Gravitational waves were predicted by Albert Einstein in his Theory of Relativity, but have never been directly detected. There is strong indirect evidence of their existence, Nice said, but no direct evidence, which is the purpose of NANOGRav research.
“The main goal is trying, through some mathematical model, to predict the time of arrival of the pulsars,”physics major and EXCEL research student Hao Lu ‘16 said.
With this grant, the college will be able to provide more research opportunities for students interested in this field of study. The grant can also fund a post-doctoral researcher who, according to Nice, will come to the school within the next couple of years to assist in multiple ways. Travel expenses will also be more easily covered. Nice and his team of EXCEL students have made multiple trips to the Arecibo Observatory in Puerto Rico, where the radio telescope they gather data from is located.
Although they can access the telescope remotely, it is necessary to meet with other experimental and observational astronomers and theorists occasionally.
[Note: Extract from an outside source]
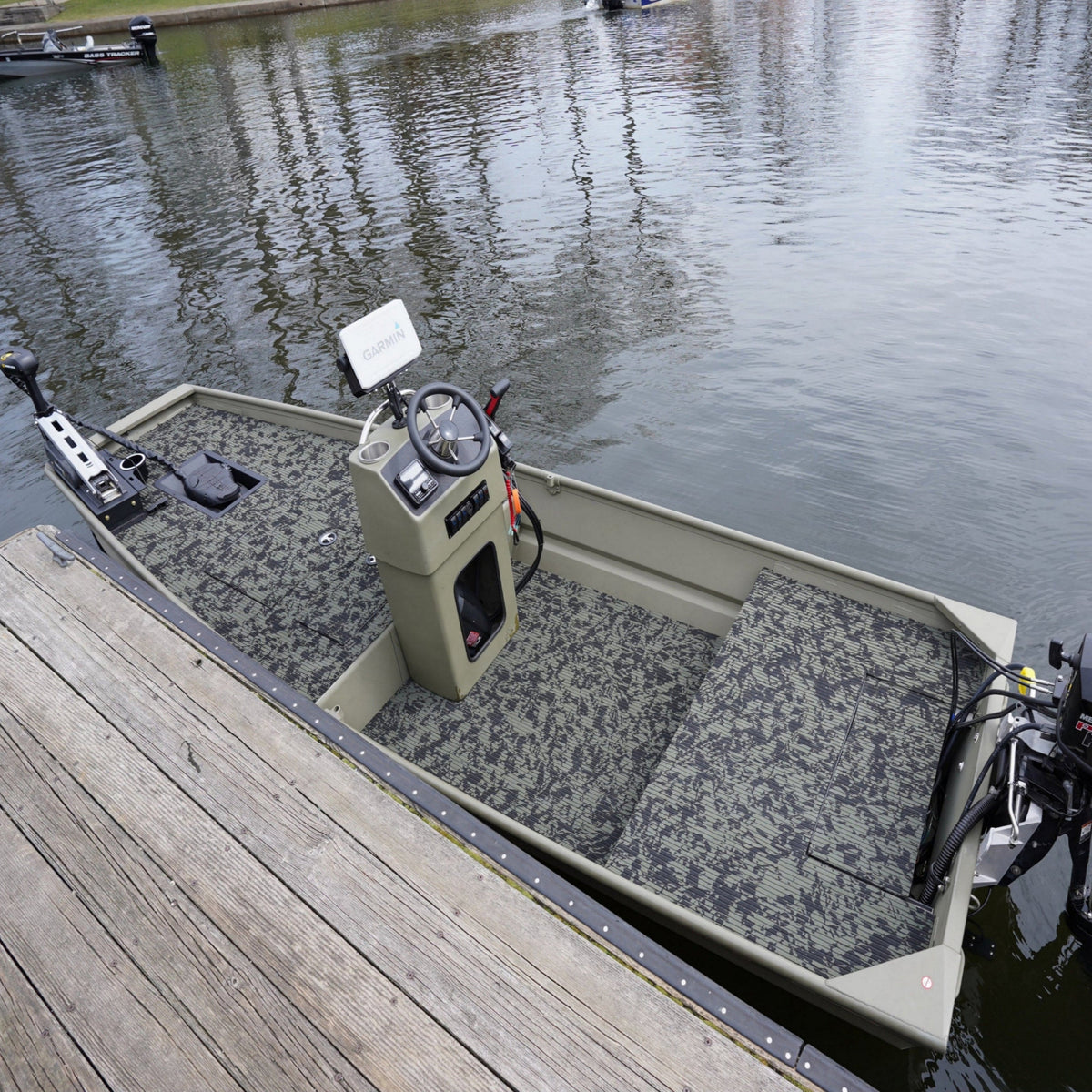 TightLineTV 1436 Jon Boat Kit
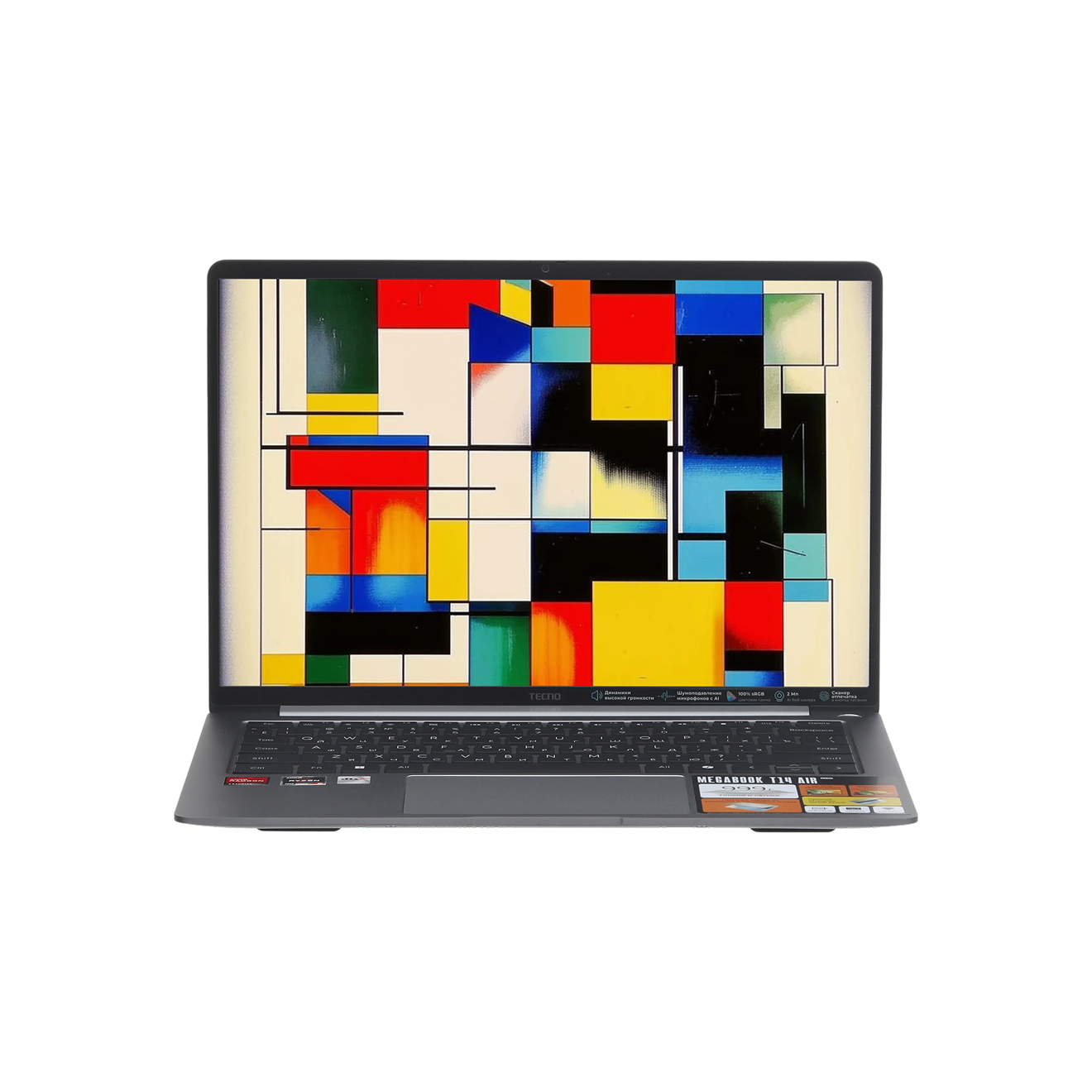 Ноутбук Tecno, MegaBook T14FA Air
One of Nice’s research students, Allison Matthews‘15, presented her thesis on gravitational waves at a conference in Puerto Rico this past February.
“For future career options, it’s really great to meet people,”said Matthews, a physics and math double major. “Students will have to possibility to make the networking connections with scientists all around the world because this is an international collaboration.”
Everyone involved acknowledges the benefits of research opportunities for students.
“I think it’s really neat to be able to do cutting edge research and be able to do that at a liberal arts school,”Nice said.
Along with Lu and Matthews, Sarah Henderson ’16 and Enia Xhakaj’17 have been involved with the research as EXCEL scholars as well.
“To be involved with this kind of high level collaboration with other excellent schools is not only a benefit to the individual researchers, but also a benefit to the to the college,”President Alison Byerly said. “Placing us on a par with other institutions undertaking substantial research I think…is enormously beneficial to Lafayette.”